The arrest of one of Russia’s richest businessmen has led to speculation he is being targeted by the Kremlin as a way of seizing his company, particularly its oil assets.
Shares of the Sistema conglomerate plummeted when it became known that owner Vladimir Yevtushenkov was under house arrest, accused of misappropriation or embezzlement, in connection with his firm’s acquisition of oil producer Bashneft.
Sistema said it considered the accusations against its chairman baseless.
Yevtushenkov’s holding company has major stakes in a range of Russian businesses, including the country’s number one mobile phone operator MTS and utilities, consumer and high-tech.
It also controls Bashneft, Russia’s sixth-largest oil company in terms of output with an overall stake of about 86.7 percent and 72 percent of Bashneft’s voting shares.
Khodorkovsky accuses
The investigation and Yevtushenkov’s detention have raised memories of what happened to Mikhail Khodorkovsky, the head of oil and gas giant Yukos and at the time one of Russia’s richest business owners.
He was jailed for tax evasion and fraud and Yukos was seized. It ended up in the hands of state-controlled energy firm Rosneft.
Khodorkovsky, who is now out of jail and no longer living in Russia, has accused Rosneft of being behind the Sistema investigation. Rosneft denies that, calling it “absurd”.
Khodorkovsky, in an interview with the Russian business daily Vedomosti, alleged that Rosneft’s head, Igor Sechin, was behind Yevtushenkov’s house arrest.

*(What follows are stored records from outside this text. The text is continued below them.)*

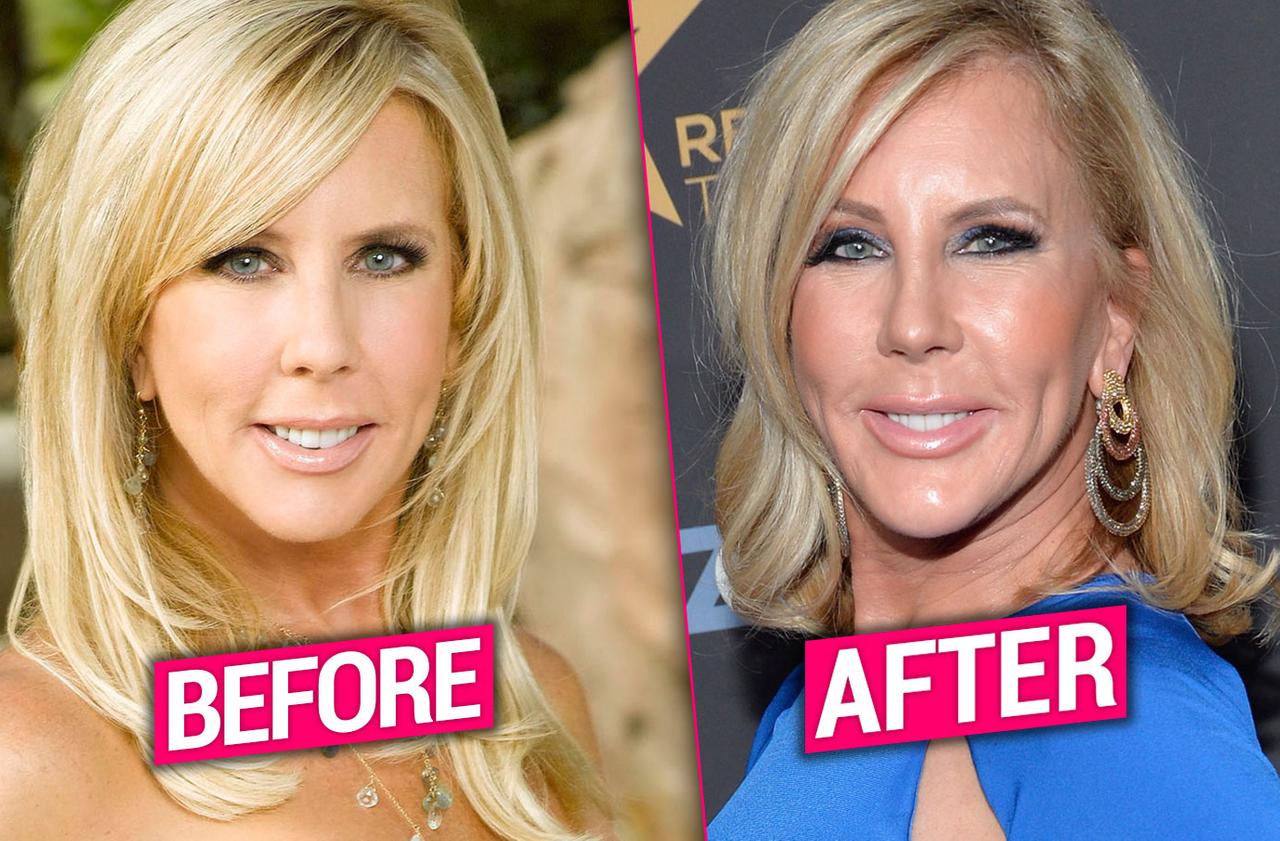 [PICS] ‘RHOC’ Vet Vicki Gunvalson’s Plastic Surgery Transformation Exposed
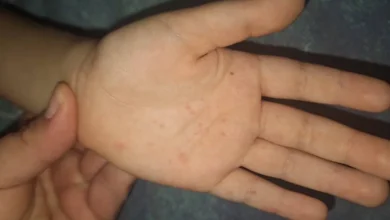 Alertan por casos de virus mano, pie y boca en escuelas; llaman a reforzar medidas de higiene
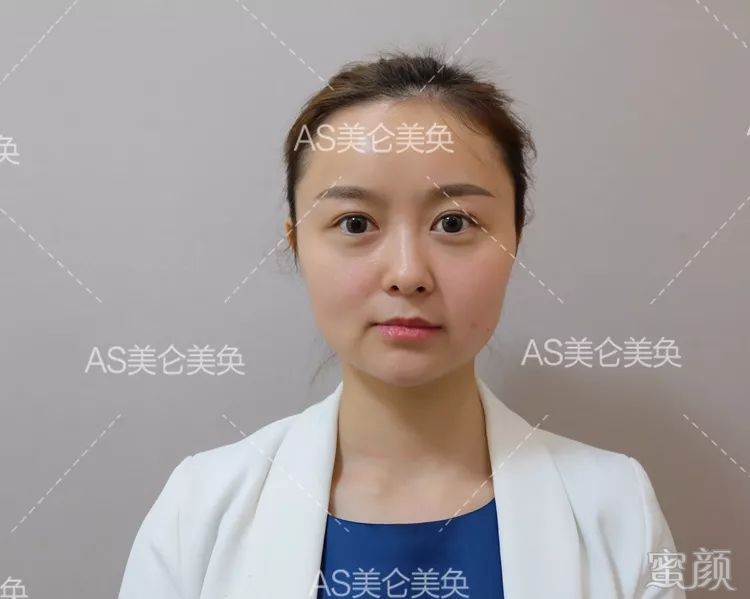 https://img.miyanlife.com/mnt/timg/200212/1404362317-7.jpg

“I don’t understand why Rosneft has something to do with that? This is absurd,” Russia’s RIA news agency quoted a Rosneft spokesman as saying on Wednesday.
Similar sentiments were expressed by President Putin’s spokesman who denied politics had played a role.
But Alexander Shokhin, head of the Russian Federation of Industrialists and Entrepreneurs, a business lobby group, condemned the move as political.
“Whatever the reasons that have moved the investigative committee – either a struggle for an asset or an attempt to return the asset to Bashkortostan … the case takes on a political hue,” he told Reuters.
The incident has certainly spooked investors, hitting share prices in Moscow.
“Such a dramatic turn of events comes as a surprise regardless of the market knowing there was an open investigation into the privatisation of Bashkir Oil and Energy Group,” Sberbank CIB investment bank wrote in a note, referring to the oil company that later became Bashneft.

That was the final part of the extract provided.